What does calcium binding to troponin allow for in cardiac muscle?

• Enables the force producing interaction between the thin filaments (actin) and the myosin heads (thick filaments)


Where does the release of calcium originate in cardiac muscle contraction?

• Junctions bewteen the terminal cisternae of the SR and the plasma membrane T-tubules


Which is a bigger deal, SERCA2 or NCX?

• SERCA2 has the dominatory effect as it is in the SR and the SR surrounds each myofibril
• Also, there is less of an energy difference to get over since the SR membrane potential is about 0mV


What is the sequence of event leading to cardiac myocyte contraction?

• Calcium enters via DHPR (L-type calcium channel)
• Activates RyR2 to cause larger flux of Calcium from SR into mycoplasm
• Calcium activates contraction by binding to troponin on thin filaments
• Calcium is removed from the mycoplasm by SERCA2 and NCX


Where are the dihydropyridine receptors located in cardiac myocytes?

• On the cytoplasmic side of the T-tubule membrane


Where is the NCX pump in the myocyte?

• It is on the myocyte plasma membrane, within the T-tubule
• Thus, it is pumping ions IN the cytoplasm or OUT OF the cytoplasm (not the SR)
• Thus it is an important source of calcium influx and efflux in the myocyte


What is the exchange rate in the NCX pump?

• 3 Na for one Calcium
• Can go either way
• The direction it runs depends on both membrane potential and the gradients for sodium and calcium
• Switching potential
○ V = 3Ena - 2Eca


If [Na]o = 150mM, [Na]I = 15mM, [Ca]o = 2mM, [Ca]I = 100nm, what will the switching potential be of the NCX pump?

• Vr = 3Ena - 2Eca
• Vr = 3(58mV) - 2(124mV)
• Vr = -74mV


What does a Vr of -74mV actually mean?

• Calcium will be extruded untill [Ca]inside falls to 100nm
• At which point net movement via NCX would be zero
• However, if [Na]inside were to increase, there would be a decrease in Ena and a corresponding left shift of Vr
• This would result in an increase in the steady-state level of [Ca]inside


What role does the I-ncx play in the nodal cells and their automaticity?
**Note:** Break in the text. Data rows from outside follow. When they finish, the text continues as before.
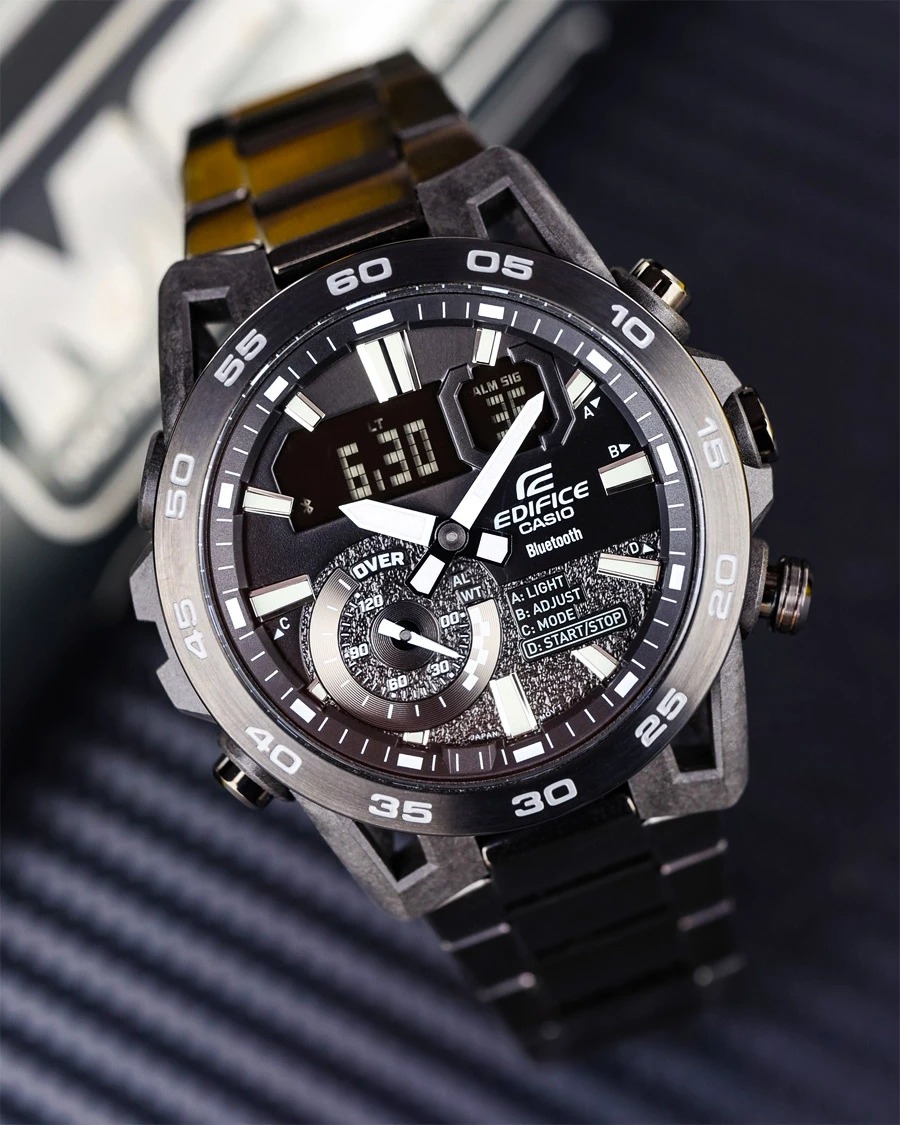 montre classique homme casio edifice ecb 40bk 1adf – bluetooth, chronographe, Étanche, bracelet résine noire – référence ecb 40bk 1adf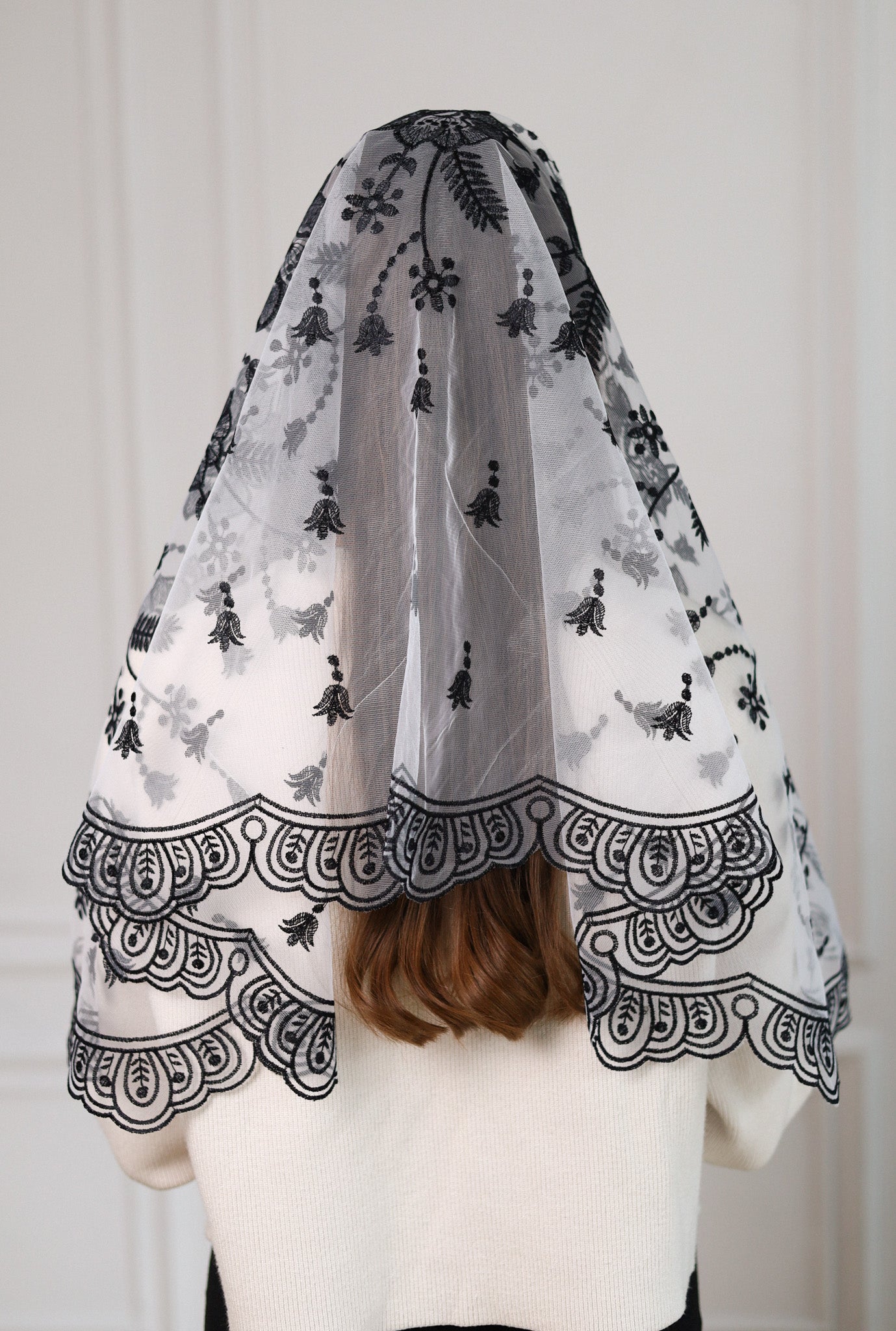 NEW BLACK & WHITE MANTILLA - MariaVeils
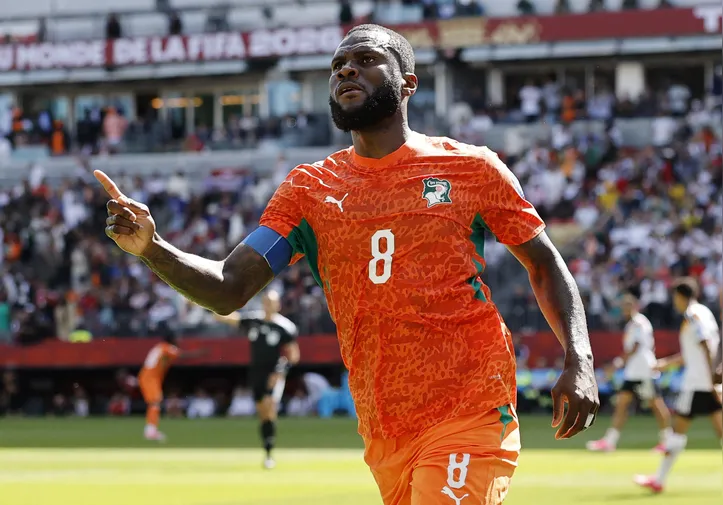 Franck Kessié, capitão de Costa do Marfim, marcou o primeiro gol da partida contra a Alemanha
• There is SR calcium release independent of plasma membrane dynamics
• Calcium release into the myoplasm will result in net inward current through the I-ncx (if that doesn't make sense go back to notes, think how many na for ca)
• Net inward current will depolarize the cell, an important part of nodal cell behavior


Why is it that at phase 0 (upstroke) of the fast cardiac action potential, I-ncx is outward, while it is inward during phase 3 (repolarization)?

• I-ncx, during depolarization, is a significant source of calcium entry.
○ The current out is because of sodium (3na for every ca)
• It also helps extrude Calcium during repolarization so that contraction isn't favored anymore
○ Current "in" because 3na for every ca


Beta blockers, angiotensin antagonists, and diuretics all share the same underyling goal as cardiac glycosides (drugs not used so much anymore). What is that goal?

• Cardiac glycosides were used in cardiac failure (insufficient contractility)
• They blocked Na/K pump which led to overall increase in intracellular sodium
• Intracellular sodium increase led to increase in SR stored Ca and intracellular Ca (through the Vr and the NCX)
• Led to greater contractility


What is meant by CDI and what channel is it super important for?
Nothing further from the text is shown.